Jul 11, 2006

Things that suck: Team Building


In Joker's "Much ado about poopshit" post, he bluntly states a clear fact. Team building sucks. I for one applaud my cowriter, because he tells it like it is: it blows. So tonight, while my muscles ache from - gotcha, it isn't hot sex with a sicilian hunk - moving my office, I decided to place my two cents in the conversation. I just hope we have some Creative Directors still reading and maybe, just maybe, we got two or three CEO's who join in the WAS fun from time to time. How is that line again? One person can do the difference? How 'bout two? How 'bout four? (Restrictions I know is definitively with us and Travis, well, he silently nods while he researches GorillaMask for hours at end)

I hate team building reunions and activities. Those kinds where you sit in a circle and simply tell what you don't like about your coworker. The meetings at a very tropical or jungle-like spot and you bungee your way to trust others. Company Logo Tshirt giveaways. You name it. I hate them. Oh! And those conference days where all the company actually doesn't go to work but sit all day listening to some jerkoff giving you pointers on how to be a better person. I would be the one who would call in sick, telling everyone I have unfriendly diarrhea or something, just to not endure that shit.
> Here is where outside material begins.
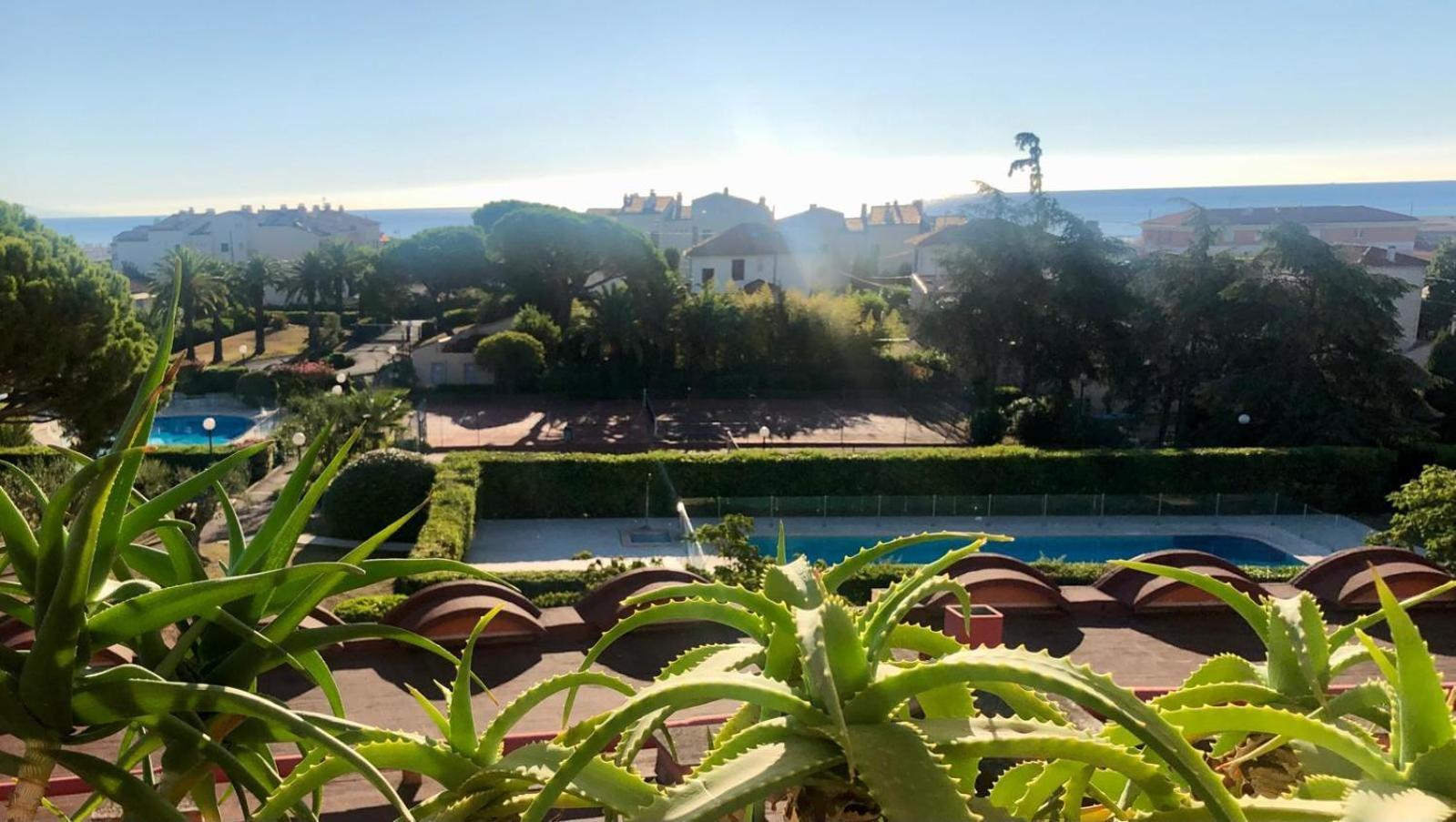 Antibes Secured Parc Velusine With Private Parking, Terrace, Pools And Tennis Courts. Extérieur photo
Wait, wait. I'm all for team building when it's done the correct way. For example. I used to work in an ad agency where SOME of us actually worked together. One for all and all for one. I can remember one specific night where everyone finished early and one dude had 30 something photo retouchings for the next day. All of us even had our keys in hand, ready to go. What happened? We all sat down again, divided the work between ALL the creative department, called for pizza (shit, is that the ONLY food for creatives?) beer, cigarettes and simply worked until we all finished. That's team work.

CEO's and CD's should get the fact that some already work as a team. But team building situations could be managed better. Instead of singing Kumbaya, they should, for example, have everyone stay until the last man finishes. If that means that you will have to do someone elses job, then so be it. Joker has a very valid point in his post, don't tell us we have to do a campaign then leave to feed your cat. If you are the bearer of bad news, then dammit, stay with us and help us finish. That helps more than any Anthony Robbins tape any day. Take your company logo cap and ram it up your ass. If you want us to work as a team, then roll up your lovely designer shirt and get dirty with us.

I think team building should be worked on every single day, not a yearly thing. It is also not a science. If you liked the campaign your slaves I mean your team did, then by all means, write a damn email thanking them. It costs pennies, and it will make everyone feel better. Also, drop by our desks more than twice a month. Talk about stupid stuff. I had a great boss who took his coffee with me at my desk and made jokes with me and my copywriter coworkers for hours at end. It helped, because we had developed a great relationship where we could talk about important stuff as well, and he didn't look at us only as employees. Granted, I quit my job, which I loved, but that was only because I'm a money whore. Somewhere in this blog there is a post about leaving a job you love just because of money. Look for it.

I will leave you with this last thing. The one thing I would wish for as team building that I seldom see? A client calls. He wants his ad for tomorrow. It's six o'clock. Everyone is leaving. You know what is team building all about? When an AE tells his client: the ad won't be made for tomorrow, since we need time to do it right. You will have it soon, and it will be great.

Um. Does that count as team building or a miracle. Food for thought.